- Interactive map of In Situ

Restaurant information
- Established: 2016
- Food type: Haute cuisine
- Dress code: Casual
- Location: 151 3rd St, San Francisco, CA, 94103
- Coordinates: 37°47′09″N 122°24′03″W﻿ / ﻿37.785907°N 122.4008°W
- Reservations: yes
- Website: In Situ

= In Situ (restaurant) =

In Situ was a restaurant located inside the San Francisco Museum of Modern Art. The concept was conceived by Corey Lee (chef), who is also the owner and chef of the nearby 3-Michelin-star-rated Benu.

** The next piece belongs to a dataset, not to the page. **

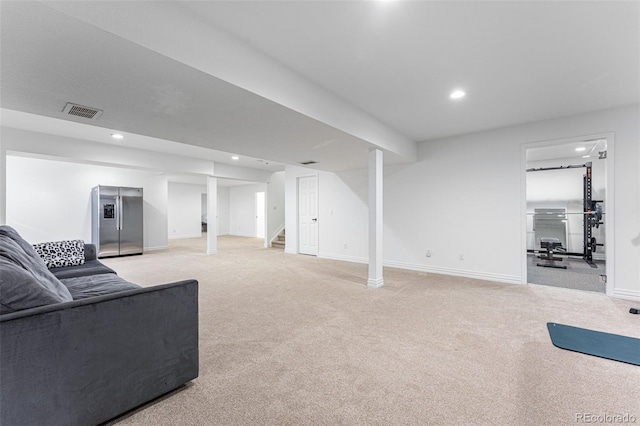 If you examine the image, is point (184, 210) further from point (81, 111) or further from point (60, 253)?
point (81, 111)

Unlike many fine dining restaurants, which seek to create unique culinary offerings, In Situ based its menu on detailed reconstructions of signature dishes by other chefs from other restaurants. Lee's role in the restaurant is described in press coverage as both chef and curator. In 2021, the restaurant announced the end of its five-year operating term at SFMOMA.

==Critical response==
In Situ received positive reviews in its first year of operation. It was named the "restaurant of the year" by the San Francisco Chronicle and "America's Most Original New Restaurant" by The New York Times. It was also awarded a Michelin star in 2017 and a James Beard Restaurant Design Award in 2018.